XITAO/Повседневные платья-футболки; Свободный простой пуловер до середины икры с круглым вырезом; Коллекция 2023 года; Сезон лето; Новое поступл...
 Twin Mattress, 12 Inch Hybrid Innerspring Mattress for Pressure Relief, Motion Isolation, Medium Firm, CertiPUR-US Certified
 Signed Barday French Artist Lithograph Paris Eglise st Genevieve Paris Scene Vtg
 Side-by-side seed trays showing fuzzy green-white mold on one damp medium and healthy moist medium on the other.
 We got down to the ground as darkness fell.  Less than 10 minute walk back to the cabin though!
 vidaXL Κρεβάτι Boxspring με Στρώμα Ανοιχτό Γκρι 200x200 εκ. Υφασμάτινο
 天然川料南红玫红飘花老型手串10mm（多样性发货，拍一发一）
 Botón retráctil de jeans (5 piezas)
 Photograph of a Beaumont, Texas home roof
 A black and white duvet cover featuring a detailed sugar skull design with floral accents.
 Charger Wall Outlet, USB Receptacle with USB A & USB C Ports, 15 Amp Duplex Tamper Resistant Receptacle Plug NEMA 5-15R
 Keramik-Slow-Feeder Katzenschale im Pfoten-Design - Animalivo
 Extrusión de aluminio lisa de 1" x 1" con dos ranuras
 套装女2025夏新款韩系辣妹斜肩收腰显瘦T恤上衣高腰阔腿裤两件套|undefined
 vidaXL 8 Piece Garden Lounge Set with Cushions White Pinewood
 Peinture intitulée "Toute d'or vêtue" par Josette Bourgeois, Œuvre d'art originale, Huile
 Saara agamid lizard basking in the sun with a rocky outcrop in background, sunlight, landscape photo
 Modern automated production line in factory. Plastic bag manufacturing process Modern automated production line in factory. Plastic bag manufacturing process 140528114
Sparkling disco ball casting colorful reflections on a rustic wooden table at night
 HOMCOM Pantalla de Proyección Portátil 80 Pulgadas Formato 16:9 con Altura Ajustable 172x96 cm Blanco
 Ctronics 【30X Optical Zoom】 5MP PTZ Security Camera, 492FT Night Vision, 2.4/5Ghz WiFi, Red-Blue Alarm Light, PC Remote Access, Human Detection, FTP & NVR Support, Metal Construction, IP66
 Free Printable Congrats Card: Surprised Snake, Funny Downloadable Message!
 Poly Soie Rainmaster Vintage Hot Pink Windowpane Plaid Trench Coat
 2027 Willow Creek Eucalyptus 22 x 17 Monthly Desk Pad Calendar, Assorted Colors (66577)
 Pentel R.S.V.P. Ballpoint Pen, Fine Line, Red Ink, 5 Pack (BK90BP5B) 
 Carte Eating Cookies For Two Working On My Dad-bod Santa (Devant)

[Task prompt]:
Once the line with "vidaXL 8 Piece" is found in the records above, print exactly that line and every line after it through the line with "Saara agamid lizard".

[Solution for this problem]:
 vidaXL 8 Piece Garden Lounge Set with Cushions White Pinewood
 Peinture intitulée "Toute d'or vêtue" par Josette Bourgeois, Œuvre d'art originale, Huile
 Saara agamid lizard basking in the sun with a rocky outcrop in background, sunlight, landscape photo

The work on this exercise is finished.